China-US investment plunges by a third amid tighter curbs from both sides, report finds
Beijing’s crackdown on foreign spending by private companies and tighter scrutiny of inbound deals by US authorities are behind the decline
Foreign direct investment (FDI) between the US and China declined by almost a third in 2017 from the previous year, mainly because of Beijing’s curbs on overseas spending and Washington’s tighter scrutiny of Chinese investments, a new report has found.
FDI transactions between the two countries totalled US$43.4 billion, a 28 per cent drop from the US$60 billion recorded in 2016, according to research carried out by the Rhodium Group and the National Committee on US-China Relations, an American think tank.
The main reason for the drop was a decline in Chinese investment in the US to US$29 billion from US$46 billion the year before. The drop would have been even steeper if it wasn’t for the US$18 billion in Chinese acquisitions announced in 2016 but completed last year, the report said.

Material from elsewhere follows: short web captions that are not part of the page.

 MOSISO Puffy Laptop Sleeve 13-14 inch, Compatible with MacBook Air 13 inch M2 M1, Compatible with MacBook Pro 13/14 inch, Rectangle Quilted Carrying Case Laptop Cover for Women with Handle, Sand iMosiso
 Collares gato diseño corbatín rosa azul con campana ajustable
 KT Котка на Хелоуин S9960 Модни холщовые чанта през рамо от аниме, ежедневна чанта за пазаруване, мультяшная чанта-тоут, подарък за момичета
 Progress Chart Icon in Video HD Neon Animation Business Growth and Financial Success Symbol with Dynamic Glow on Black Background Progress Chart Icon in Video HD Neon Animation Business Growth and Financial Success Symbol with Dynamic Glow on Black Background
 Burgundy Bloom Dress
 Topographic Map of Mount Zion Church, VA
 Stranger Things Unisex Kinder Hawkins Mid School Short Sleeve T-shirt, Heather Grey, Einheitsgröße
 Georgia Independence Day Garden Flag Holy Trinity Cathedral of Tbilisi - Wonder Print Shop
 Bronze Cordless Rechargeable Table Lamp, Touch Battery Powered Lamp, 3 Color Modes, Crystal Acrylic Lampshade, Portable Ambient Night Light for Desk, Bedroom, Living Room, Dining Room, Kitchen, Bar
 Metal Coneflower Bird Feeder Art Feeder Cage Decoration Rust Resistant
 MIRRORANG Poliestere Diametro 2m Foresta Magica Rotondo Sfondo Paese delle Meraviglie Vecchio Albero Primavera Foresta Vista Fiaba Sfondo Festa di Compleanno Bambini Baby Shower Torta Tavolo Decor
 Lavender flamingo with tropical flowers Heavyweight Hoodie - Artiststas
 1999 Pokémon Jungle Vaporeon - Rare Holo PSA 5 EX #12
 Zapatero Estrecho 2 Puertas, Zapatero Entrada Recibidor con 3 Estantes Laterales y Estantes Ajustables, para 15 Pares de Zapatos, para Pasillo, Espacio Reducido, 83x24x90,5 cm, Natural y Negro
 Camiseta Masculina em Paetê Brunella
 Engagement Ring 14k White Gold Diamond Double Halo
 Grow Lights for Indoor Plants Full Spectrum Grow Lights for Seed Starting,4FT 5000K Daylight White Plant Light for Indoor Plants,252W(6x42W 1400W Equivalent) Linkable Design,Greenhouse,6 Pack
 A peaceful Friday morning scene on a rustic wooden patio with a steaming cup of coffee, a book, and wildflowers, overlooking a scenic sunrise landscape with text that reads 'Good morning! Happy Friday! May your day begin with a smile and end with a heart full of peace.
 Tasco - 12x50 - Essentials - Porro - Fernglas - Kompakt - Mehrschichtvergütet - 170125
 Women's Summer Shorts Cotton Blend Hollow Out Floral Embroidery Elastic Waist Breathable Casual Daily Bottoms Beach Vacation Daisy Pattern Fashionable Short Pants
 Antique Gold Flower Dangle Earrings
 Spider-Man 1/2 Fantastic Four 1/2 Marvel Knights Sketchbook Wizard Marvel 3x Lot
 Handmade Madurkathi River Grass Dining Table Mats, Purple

American investment into China was almost unchanged at US$14 billion compared with US$13.8 billion in 2016.
Beijing imposed a slew of new restrictions on outbound investment last year to address balance-of-payment concerns and minimise risks to the financial system stemming from debt-fuelled overseas spending.
In February China’s top economic planner published a list of “sensitive areas” where it intends to restrict overseas investments, putting a specific curb on deals related to property, hotels, cinemas, entertainment and sports clubs. Weapons development, manufacturing and maintenance, multinational water resources exploitation, and news media were also included on the list.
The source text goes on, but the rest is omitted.